With the pictures left out, restate exactly the part below that opens with the line containing "バルコニー付きスタンダードルーム, Pousada Recanto Da Vitória" and closes with the line containing "文具行助防疫送警防疫原子笔还能喷出酒精。（警方提供／吕筱蝉桃园传真）".

Supplied data.
↓↓↓

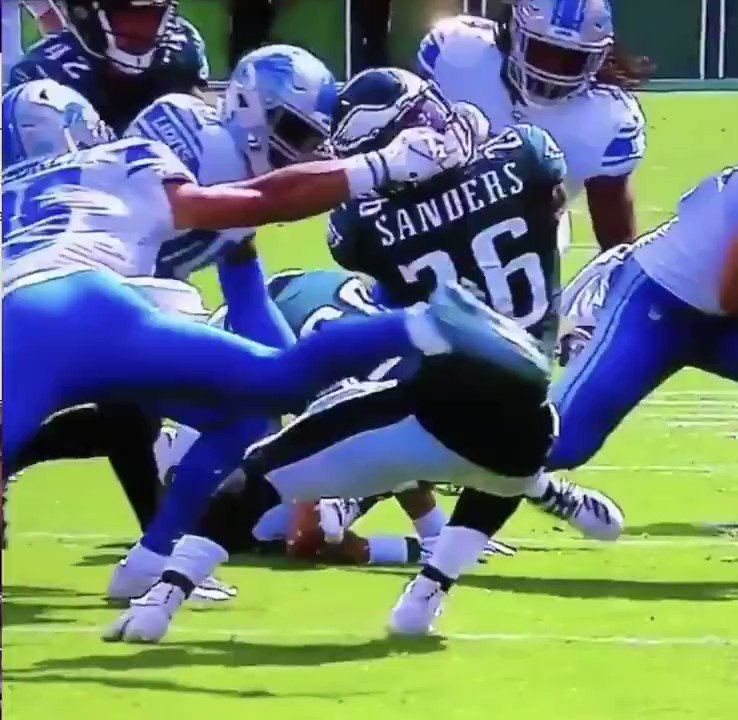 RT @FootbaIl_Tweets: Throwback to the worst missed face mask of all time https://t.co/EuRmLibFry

↑↑↑
↓↓↓

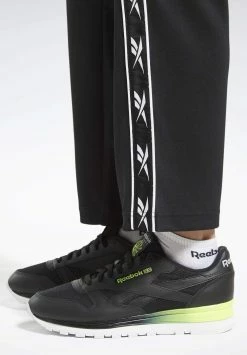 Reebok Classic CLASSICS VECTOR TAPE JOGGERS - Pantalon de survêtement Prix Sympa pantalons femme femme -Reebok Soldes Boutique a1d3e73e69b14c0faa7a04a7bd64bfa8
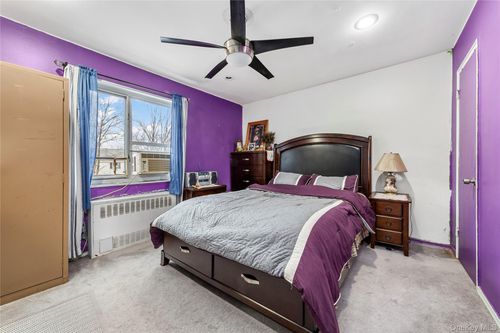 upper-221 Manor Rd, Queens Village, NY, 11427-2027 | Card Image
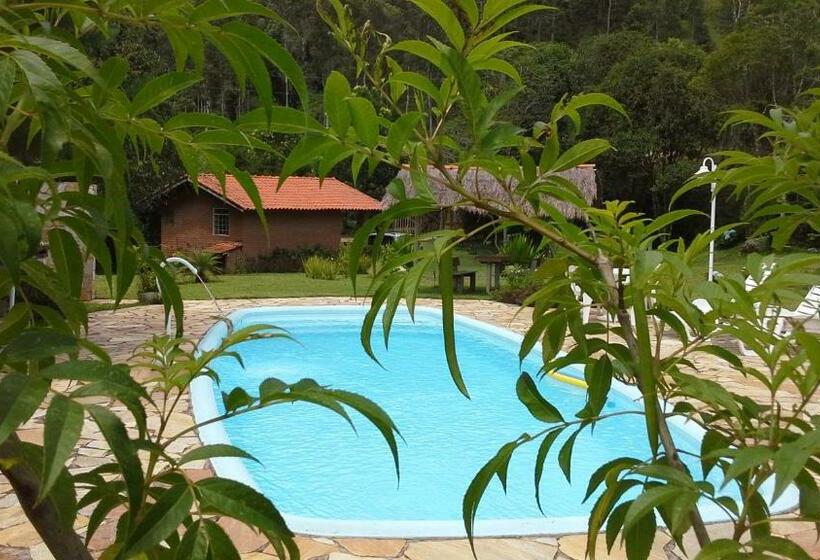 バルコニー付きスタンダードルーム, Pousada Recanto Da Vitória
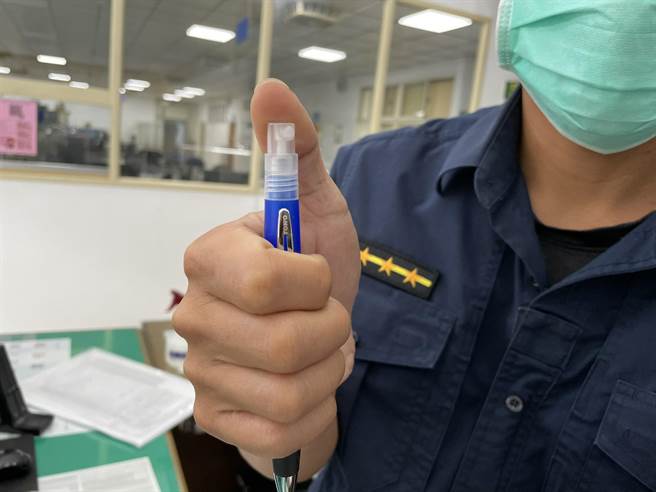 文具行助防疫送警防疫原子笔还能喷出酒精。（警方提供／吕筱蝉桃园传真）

↑↑↑

Answer box.
 バルコニー付きスタンダードルーム, Pousada Recanto Da Vitória
 文具行助防疫送警防疫原子笔还能喷出酒精。（警方提供／吕筱蝉桃园传真）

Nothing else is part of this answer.